- Toxoplasmosis reasons
- Toxoplasmosis symptoms
- Inborn toxoplasmosis
- Treatment of the Toxoplasmosis
Toxoplasmosis is the zoonotic parasitic disease of the person and animals proceeding in an acute or chronic form and dangerous by development of heavy disturbances, first of all from a nervous system.
For the first time the causative agent of toxoplasmosis (Toxoplasma gondii) it was found in rodents of a gonda, and later – in rabbits. Further the activator was found at the most various farm animals.
The causative agent of toxoplasmosis belongs to type of protozoa. Toxoplasma gondii represents a one-celled microorganism, in a form reminds a semilunum or a segment of orange with one pointed, and other zaourglenny end. The sizes can vary it from 4-7 мк in length and 2-4 мк in width till 10-12 мк in length and 5 мк in width. Are not painted by the Gram method. When coloring by Romanovsky-Gimza's method cytoplasm of a parasite gains blue tone, and a kernel – ruby-red. Special organellas of movement at them are not revealed. The movements at them sliding, and at penetration into a cell – rotary.
The causative agent of toxoplasmosis is quite eurysynusic in the nature, and the main object of its dwelling are the most different types of animals. The most important role in the antropurgichesky center as the main source of an infection is played by a cat. Considering extremely wide circulation of cats in the world and accepting in attention their way of life (hunting for small rodents and birds, contacts with farm and domestic animals, food kitchen waste of meat), it is possible to consider that they completely provide circulation of a look in synanthropic conditions and in life.
The transplacental mechanism of transmission of infection to a fruit from mother, the bearer токсоплазм is eurysynusic. Very close to a transplacental way of transfer токсоплазм will be infections at hemotransfusion or a transfusion of leukocytic weight. Transfer of a toksoplazmenny infection can arise from patients, is more often than women with the burdened obstetric pathology when their menstrual allocations, suckers, amniotic liquid can become a transfer factor токсоплазм to the medical personnel servicing them.
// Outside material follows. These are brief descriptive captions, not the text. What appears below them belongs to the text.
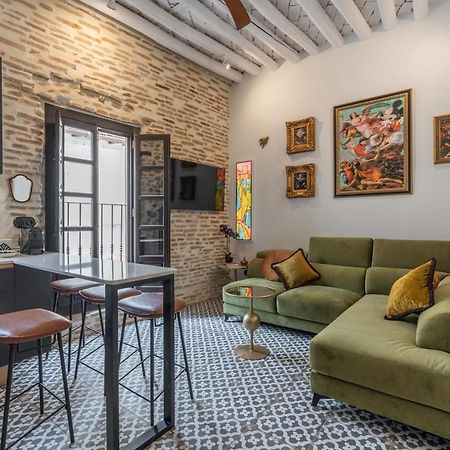 Tuguest Puerta Del Dauro Apartment 格拉纳达 外观 照片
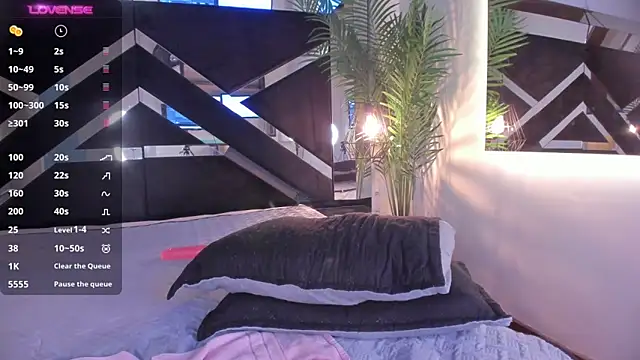 candy sweet  online show from January 30, 2025, 9:36 pm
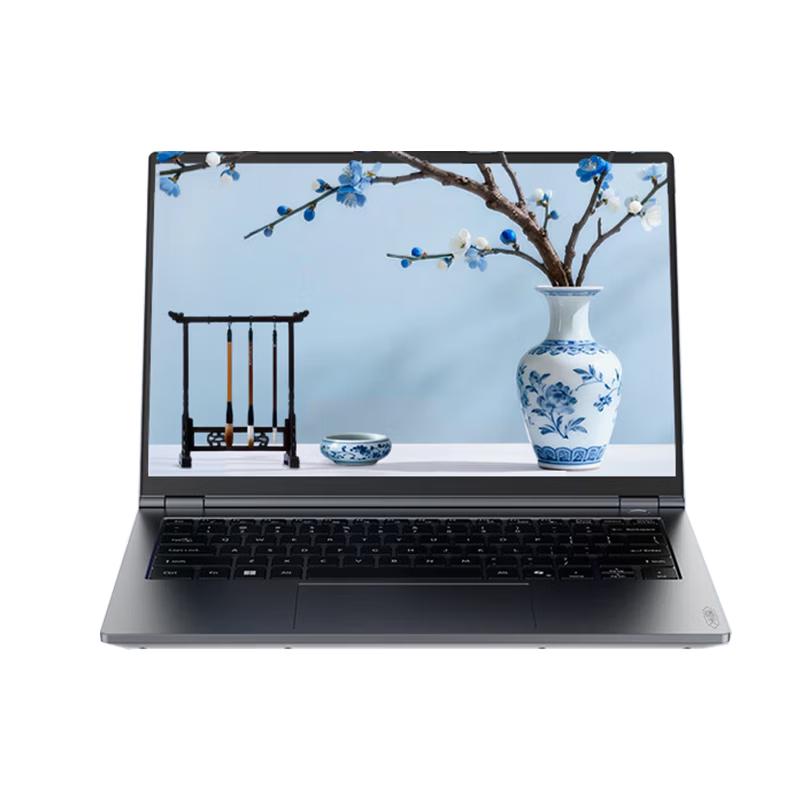 Lenovo Ruitian 14 G1 IMH 14-inch Laptop (CN version)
Toxoplasmosis can be inborn and acquired. Infection of the person at the acquired toxoplasmosis at animals can happen through the injured skin and the unimpaired mucous membranes. The big frequency of adenoid diseases noted at patients with a toxoplasmosis with repeated quinsies, allocation токсоплазм from remote almonds, and also increase in submaxillary and cervical lymph nodes suggest that implementation of the activator at the person is possible through mucous an oral cavity and a pharyngeal ring. The possibility of infection through mucous digestive tract is not excluded.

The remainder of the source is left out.